>>222558As I'm older I have a harder time mustering the effort to consume.
I switched from anime to manga/manhua because scrolling images and reading blurbs is much less friction than watching anime.
With anime you have an intro, and then content equal to 15-20 pages of manga stretch to 20 minutes.
By the time some dude finishes a monologue I could already have scrolled a whole chapter and the plot, characters etc. don't meaningfully improve by voice acting or animation, quite the opposite.
They stretch still images for 10 seconds at a time. It feels tedious. Also too much going on to process if I get distracted.
Same for video games. You need to spend about 4 hours on average just to learn the nonsense frivolous systems they "have to have". There is no booting up the game and just playing anymore.

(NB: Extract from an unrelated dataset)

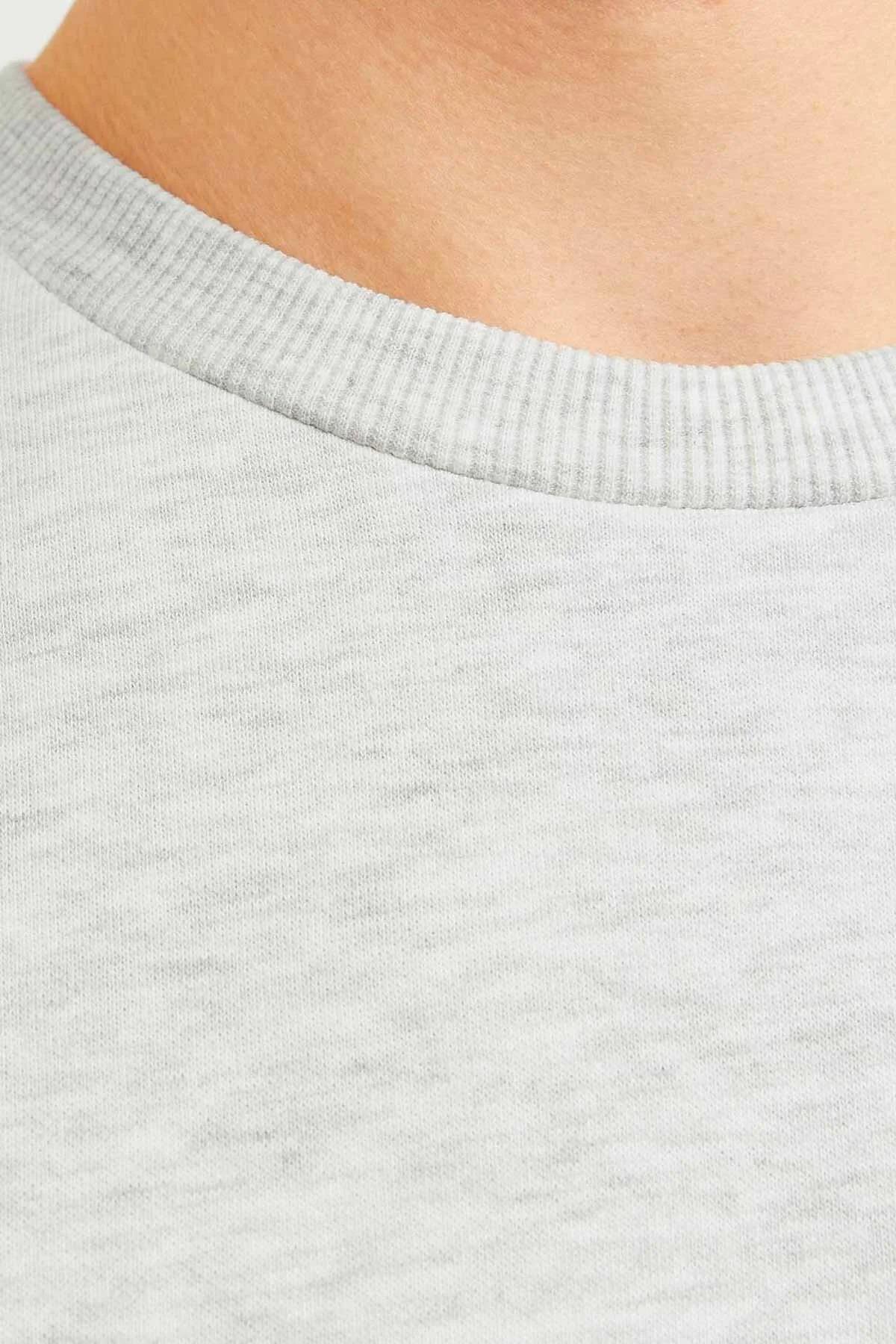 JACK&JONES 12256837 SOL GOGUS YAZILI YUVARLAK YADA UZUN KOL SWEAT JACK&JONES 12256837 SOL GOGUS YAZILI YUVARLAK YADA UZUN KOL SWEAT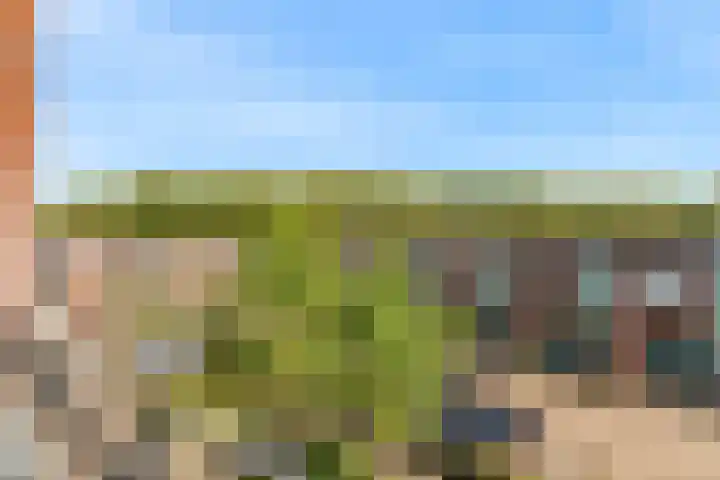 Salawatihof 1 Utrecht thumbnail 9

It takes actual effort to get to a state of mindless enjoyment where you no longer have to actively think about the BS that stands between you and the gameplay. This is why I stick to games I already know for longer than they deserve, familiarity gives comfort.
Books I don't like for the most part. They are high effort consumables so if they disappoint they hurt a lot more than "fast food".
All of the above results in basically one thing. Juice not worth the squeeze.
>To be clear here, it's not that I'm unable to feel any kind of pleasure. I do but it never "feels good" afterwards.This is my issue with creative/IRL hobbies as well. The results don't satisfy, the journey is too long as an adult to enjoy.
Even if I carve some wooden figure, build a gunpla, or build a deck of cards for my childhood TCG it just feels empty after the momentary joy.
The worst part isn't even that the joy fades, but it turns into pain later on.
Looking at old gunpla that gave me joy X days ago, today I'm filled with disgust for some reason. This happens with most things that were fun once.
Dread and disgust. Not sure why, maybe a sense of loss? I don't know. Wish I had the answers.